I recently wrote about how data sets just starting to come online are going to throw open doors to projects that political scientists have been hoping to do for a while but haven’t had the evidence to handle. Well, one of those shiny new trains just pulled into the station: the Global Dataset of Events, Language, and Tone, a.k.a. GDELT, is now in the public domain.
GDELT is the primarily work of Kalev Leetaru, a a University Fellow at the University of Illinois Graduate School of Library and Information Science, but its intellectual and practical origins—and its journey into the public domain—also owe a lot to the great Phil Schrodt. The data set includes records summarizing more than 200 million events that have occurred around the world from 1979 to the present. Those records are created by software that grabs and parses news reports from a number of international sources, including Agence France Press, the Associated Press, and Xinhua. Each record indicates who did or said what to whom, where, and when.

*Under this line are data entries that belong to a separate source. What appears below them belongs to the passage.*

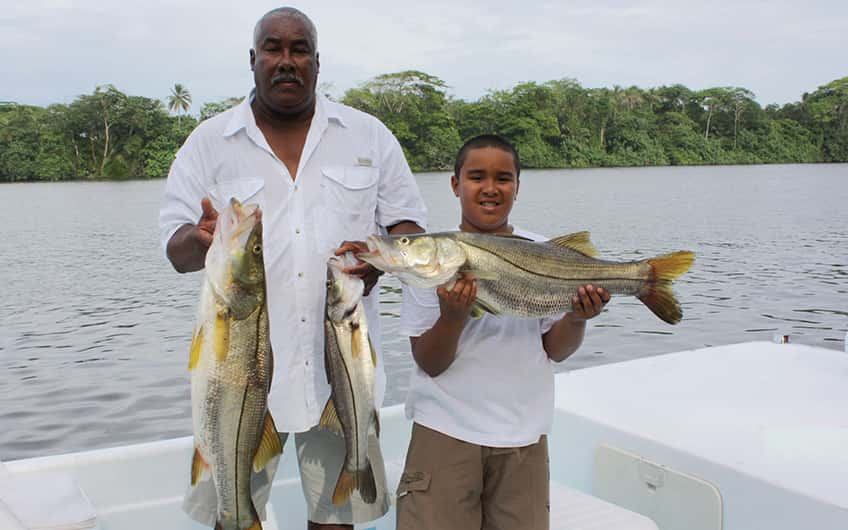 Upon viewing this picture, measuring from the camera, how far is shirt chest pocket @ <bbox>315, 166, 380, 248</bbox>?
11.1 ft

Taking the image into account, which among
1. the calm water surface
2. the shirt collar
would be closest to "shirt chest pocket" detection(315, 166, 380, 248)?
A: the shirt collar

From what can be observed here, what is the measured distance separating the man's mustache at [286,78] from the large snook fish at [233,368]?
2.62 feet

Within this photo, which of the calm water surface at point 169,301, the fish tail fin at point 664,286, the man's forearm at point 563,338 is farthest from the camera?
the calm water surface at point 169,301

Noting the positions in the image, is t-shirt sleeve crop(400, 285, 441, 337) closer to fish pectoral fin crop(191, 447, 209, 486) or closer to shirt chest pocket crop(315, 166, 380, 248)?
shirt chest pocket crop(315, 166, 380, 248)

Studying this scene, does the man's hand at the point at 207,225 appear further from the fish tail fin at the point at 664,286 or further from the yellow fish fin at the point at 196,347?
the fish tail fin at the point at 664,286

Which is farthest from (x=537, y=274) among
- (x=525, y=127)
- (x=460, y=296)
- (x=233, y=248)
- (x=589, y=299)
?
(x=525, y=127)

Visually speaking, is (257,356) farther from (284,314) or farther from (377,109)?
(377,109)

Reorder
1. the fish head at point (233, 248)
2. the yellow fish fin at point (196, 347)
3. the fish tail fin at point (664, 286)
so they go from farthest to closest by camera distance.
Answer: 1. the fish tail fin at point (664, 286)
2. the yellow fish fin at point (196, 347)
3. the fish head at point (233, 248)

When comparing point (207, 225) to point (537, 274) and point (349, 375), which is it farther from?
point (537, 274)

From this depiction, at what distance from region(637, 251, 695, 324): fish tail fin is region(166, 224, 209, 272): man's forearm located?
160 centimetres

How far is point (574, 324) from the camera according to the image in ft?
10.9

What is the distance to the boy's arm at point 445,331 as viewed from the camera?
2.95 m

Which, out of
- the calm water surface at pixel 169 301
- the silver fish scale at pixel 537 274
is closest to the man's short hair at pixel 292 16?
the silver fish scale at pixel 537 274

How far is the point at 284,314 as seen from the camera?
3322 mm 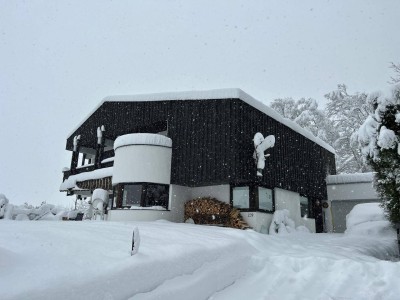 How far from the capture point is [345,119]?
3288 cm

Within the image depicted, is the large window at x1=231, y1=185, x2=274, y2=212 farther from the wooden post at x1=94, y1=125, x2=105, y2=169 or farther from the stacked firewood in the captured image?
the wooden post at x1=94, y1=125, x2=105, y2=169

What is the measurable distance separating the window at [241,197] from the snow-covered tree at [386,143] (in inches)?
245

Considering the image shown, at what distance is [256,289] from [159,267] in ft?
6.35

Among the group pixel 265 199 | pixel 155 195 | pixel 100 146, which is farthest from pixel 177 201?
pixel 100 146

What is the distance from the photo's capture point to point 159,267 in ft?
13.2

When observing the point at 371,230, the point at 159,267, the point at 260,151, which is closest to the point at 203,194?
the point at 260,151

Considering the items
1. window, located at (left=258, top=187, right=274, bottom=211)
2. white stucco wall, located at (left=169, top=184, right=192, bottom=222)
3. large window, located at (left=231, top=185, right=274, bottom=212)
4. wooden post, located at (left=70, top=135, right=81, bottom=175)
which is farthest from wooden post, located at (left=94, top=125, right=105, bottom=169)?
window, located at (left=258, top=187, right=274, bottom=211)

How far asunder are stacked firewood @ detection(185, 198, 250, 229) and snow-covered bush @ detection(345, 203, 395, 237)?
15.8 ft

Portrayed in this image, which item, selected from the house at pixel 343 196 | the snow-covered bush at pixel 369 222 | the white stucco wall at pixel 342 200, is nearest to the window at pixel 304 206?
Answer: the house at pixel 343 196

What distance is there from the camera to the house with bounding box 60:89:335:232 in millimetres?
14305

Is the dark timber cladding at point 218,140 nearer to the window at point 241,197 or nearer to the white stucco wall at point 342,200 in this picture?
the window at point 241,197

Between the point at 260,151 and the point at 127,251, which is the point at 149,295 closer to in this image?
the point at 127,251

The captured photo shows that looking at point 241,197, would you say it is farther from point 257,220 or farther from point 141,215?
point 141,215

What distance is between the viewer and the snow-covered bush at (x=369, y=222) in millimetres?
12203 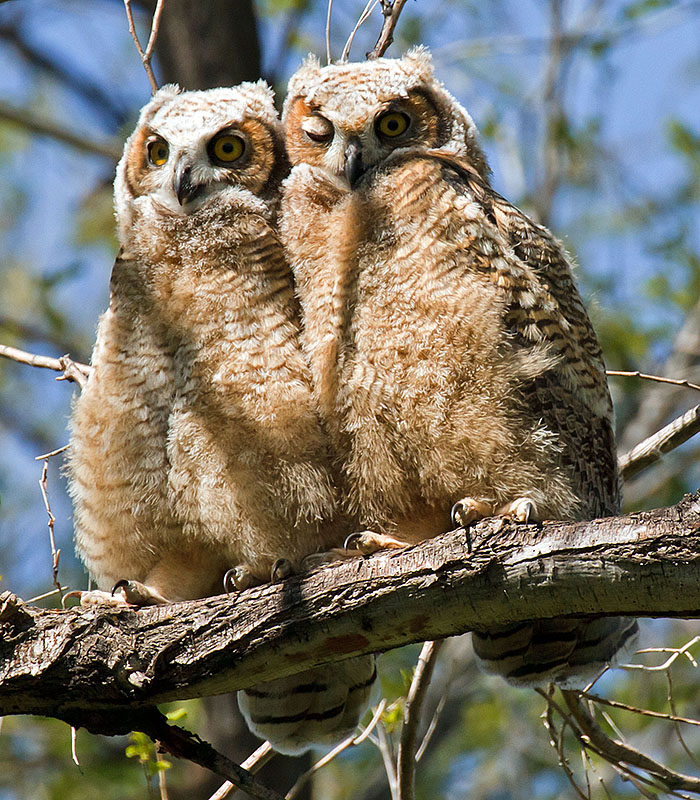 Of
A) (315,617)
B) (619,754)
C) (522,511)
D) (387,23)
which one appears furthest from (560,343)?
(387,23)

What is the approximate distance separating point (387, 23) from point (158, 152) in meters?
1.10

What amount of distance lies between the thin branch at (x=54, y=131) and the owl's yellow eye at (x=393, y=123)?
3.20 m

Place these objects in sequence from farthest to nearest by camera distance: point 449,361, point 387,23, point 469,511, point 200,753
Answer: point 387,23, point 449,361, point 469,511, point 200,753

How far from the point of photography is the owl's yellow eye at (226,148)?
12.1 ft

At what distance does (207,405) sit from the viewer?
3.30 m

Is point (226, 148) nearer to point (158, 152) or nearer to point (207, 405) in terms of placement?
point (158, 152)

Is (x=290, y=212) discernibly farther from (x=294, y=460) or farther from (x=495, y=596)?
(x=495, y=596)

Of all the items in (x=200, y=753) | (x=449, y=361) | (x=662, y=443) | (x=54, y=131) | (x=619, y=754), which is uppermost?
(x=54, y=131)

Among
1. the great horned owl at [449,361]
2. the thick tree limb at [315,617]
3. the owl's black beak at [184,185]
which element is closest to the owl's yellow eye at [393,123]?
the great horned owl at [449,361]

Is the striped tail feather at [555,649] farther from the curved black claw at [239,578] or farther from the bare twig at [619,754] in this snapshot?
the curved black claw at [239,578]

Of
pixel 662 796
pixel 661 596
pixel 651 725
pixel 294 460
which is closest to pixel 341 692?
pixel 294 460

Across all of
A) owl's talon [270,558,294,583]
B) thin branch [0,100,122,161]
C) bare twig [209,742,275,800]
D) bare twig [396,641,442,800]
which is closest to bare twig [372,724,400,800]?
bare twig [396,641,442,800]

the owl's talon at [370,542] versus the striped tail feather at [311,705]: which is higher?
the owl's talon at [370,542]

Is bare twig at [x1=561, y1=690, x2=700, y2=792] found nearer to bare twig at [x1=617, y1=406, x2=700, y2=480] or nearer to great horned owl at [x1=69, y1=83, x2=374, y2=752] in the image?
great horned owl at [x1=69, y1=83, x2=374, y2=752] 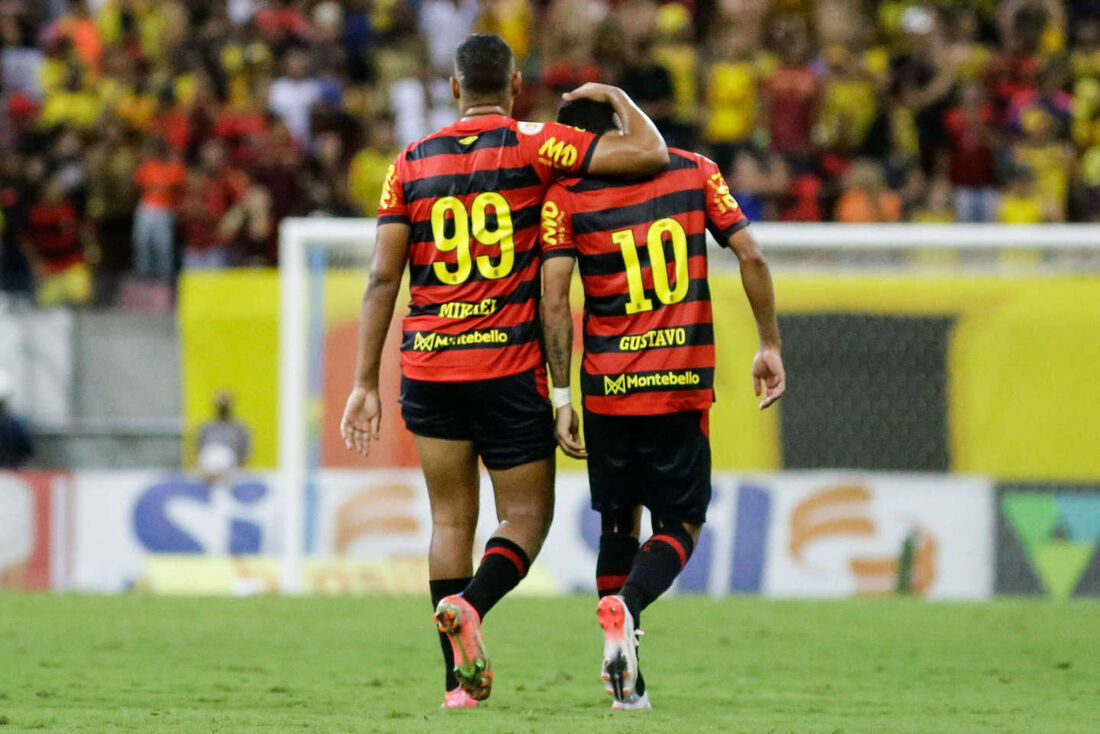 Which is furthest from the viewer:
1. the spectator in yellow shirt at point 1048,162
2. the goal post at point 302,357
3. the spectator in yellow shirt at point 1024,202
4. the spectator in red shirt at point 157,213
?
the spectator in red shirt at point 157,213

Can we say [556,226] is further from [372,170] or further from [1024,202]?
[372,170]

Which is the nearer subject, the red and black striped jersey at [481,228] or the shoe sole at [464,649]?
the shoe sole at [464,649]

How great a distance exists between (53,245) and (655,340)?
10.8m

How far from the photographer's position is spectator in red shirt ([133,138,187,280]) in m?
15.7

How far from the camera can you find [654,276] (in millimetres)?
6062

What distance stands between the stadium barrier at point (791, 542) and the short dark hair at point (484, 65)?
6.88 m

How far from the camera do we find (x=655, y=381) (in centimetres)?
604

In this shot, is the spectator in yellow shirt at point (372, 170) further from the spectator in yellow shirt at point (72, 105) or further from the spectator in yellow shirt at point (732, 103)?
the spectator in yellow shirt at point (732, 103)

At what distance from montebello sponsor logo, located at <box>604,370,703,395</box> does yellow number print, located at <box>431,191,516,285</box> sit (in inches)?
20.8

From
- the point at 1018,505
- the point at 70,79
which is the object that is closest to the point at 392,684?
the point at 1018,505

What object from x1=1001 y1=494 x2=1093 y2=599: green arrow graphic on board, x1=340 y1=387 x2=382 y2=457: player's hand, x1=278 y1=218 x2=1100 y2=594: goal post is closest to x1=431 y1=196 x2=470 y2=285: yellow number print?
x1=340 y1=387 x2=382 y2=457: player's hand

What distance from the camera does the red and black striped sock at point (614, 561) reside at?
20.5 ft

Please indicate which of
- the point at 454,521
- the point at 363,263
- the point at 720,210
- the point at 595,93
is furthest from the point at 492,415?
the point at 363,263

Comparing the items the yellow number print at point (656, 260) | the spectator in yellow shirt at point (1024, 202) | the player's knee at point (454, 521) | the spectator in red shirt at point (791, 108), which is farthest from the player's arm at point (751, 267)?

The “did what” part of each record is based on the CAMEO coding scheme, which sorts actions into a fairly detailed set of categories covering many different forms of verbal and material cooperation and conflict, from public statements of support to attacks with weapons of mass destruction. The “who” and “to whom” parts use carefully constructed dictionaries to identify specific actors and targets by type and proper name. So, for example, “Philippine soldiers” gets identified as Philippines military (PHLMIL), while “Philippine Secretary of Agriculture” gets tagged as Philippine government (PHLGOV). The “where” part uses place names and other clues in the stories to geolocate each event as specifically as possible.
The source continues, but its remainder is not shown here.